**ABOUT THIS TASK:**
Each line of the data below between the one containing "2025 Porsche Panamera 4 E-Hybrid" and the one containing "Austin Motor Inn", both included, is to be repeated exactly. Please omit pictures.

[AVAILABLE DATA — start]

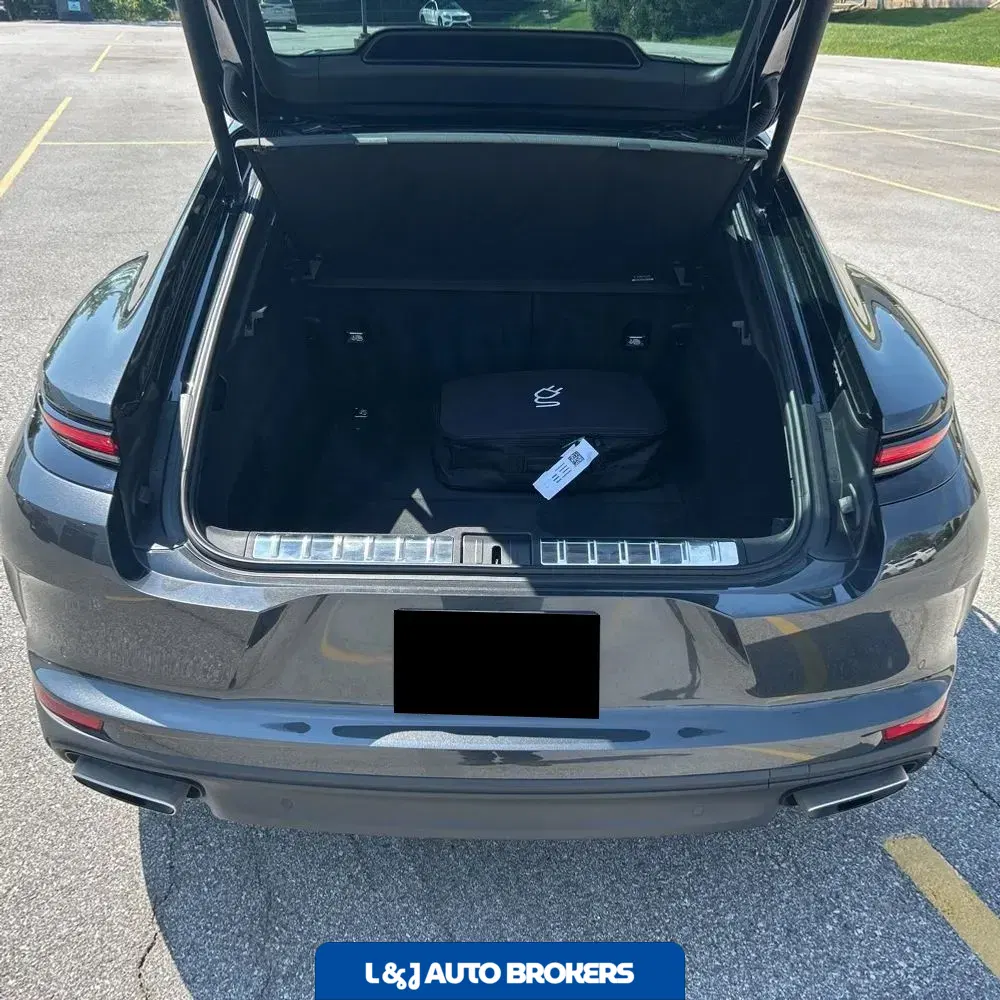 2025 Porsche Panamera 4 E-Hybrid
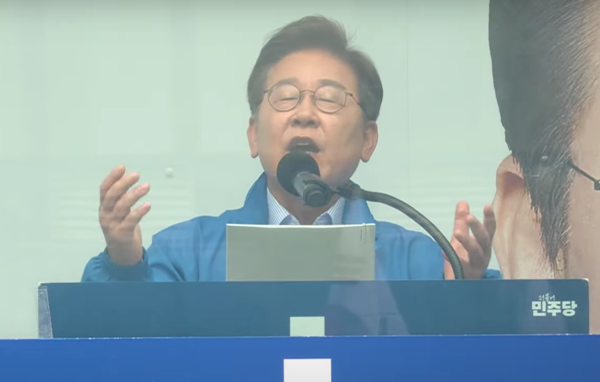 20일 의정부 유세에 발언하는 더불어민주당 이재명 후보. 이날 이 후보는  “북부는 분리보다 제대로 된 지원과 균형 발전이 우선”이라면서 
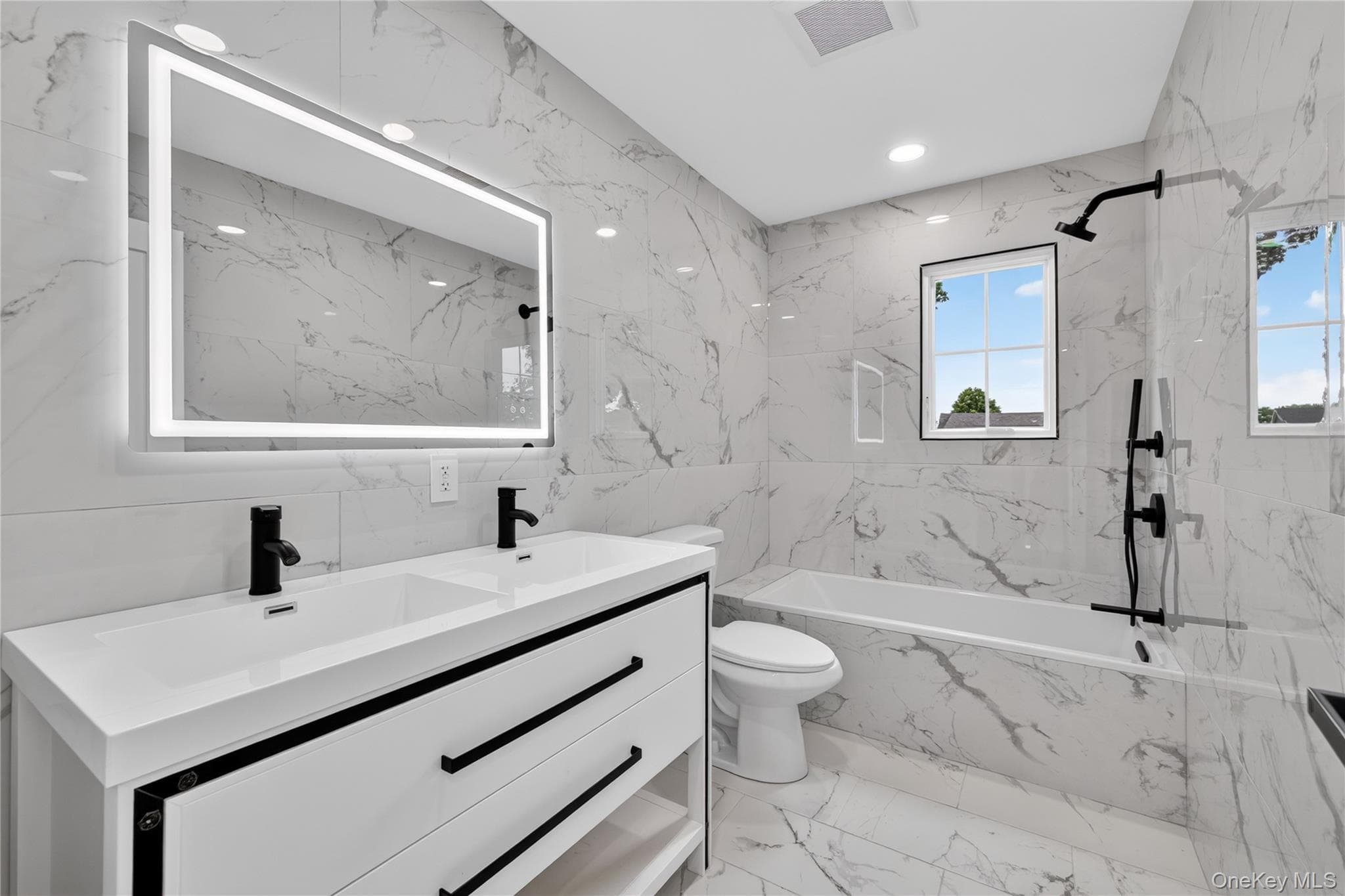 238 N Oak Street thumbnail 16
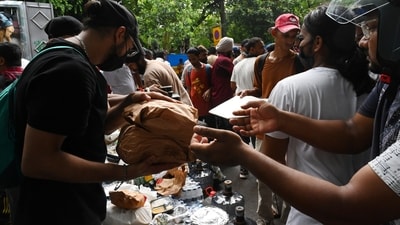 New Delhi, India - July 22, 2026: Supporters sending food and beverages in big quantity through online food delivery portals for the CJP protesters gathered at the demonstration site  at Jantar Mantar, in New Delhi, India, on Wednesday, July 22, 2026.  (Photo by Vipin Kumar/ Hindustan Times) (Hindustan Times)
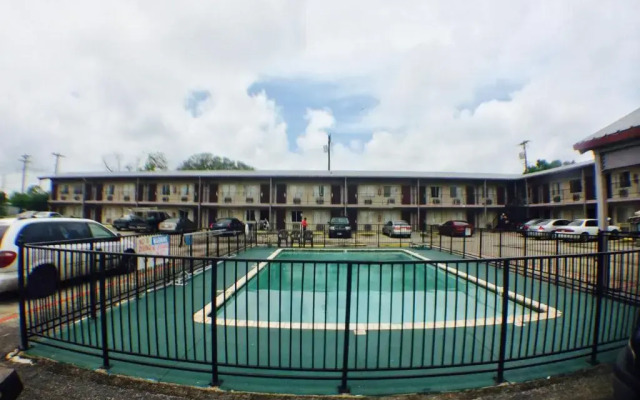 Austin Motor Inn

[AVAILABLE DATA — finish]
[AVAILABLE DATA — start]

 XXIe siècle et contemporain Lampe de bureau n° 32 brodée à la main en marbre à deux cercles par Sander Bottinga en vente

[AVAILABLE DATA — finish]

**SOLVED PROBLEM:**
 2025 Porsche Panamera 4 E-Hybrid
 20일 의정부 유세에 발언하는 더불어민주당 이재명 후보. 이날 이 후보는  “북부는 분리보다 제대로 된 지원과 균형 발전이 우선”이라면서 
 238 N Oak Street thumbnail 16
 New Delhi, India - July 22, 2026: Supporters sending food and beverages in big quantity through online food delivery portals for the CJP protesters gathered at the demonstration site  at Jantar Mantar, in New Delhi, India, on Wednesday, July 22, 2026.  (Photo by Vipin Kumar/ Hindustan Times) (Hindustan Times)
 Austin Motor Inn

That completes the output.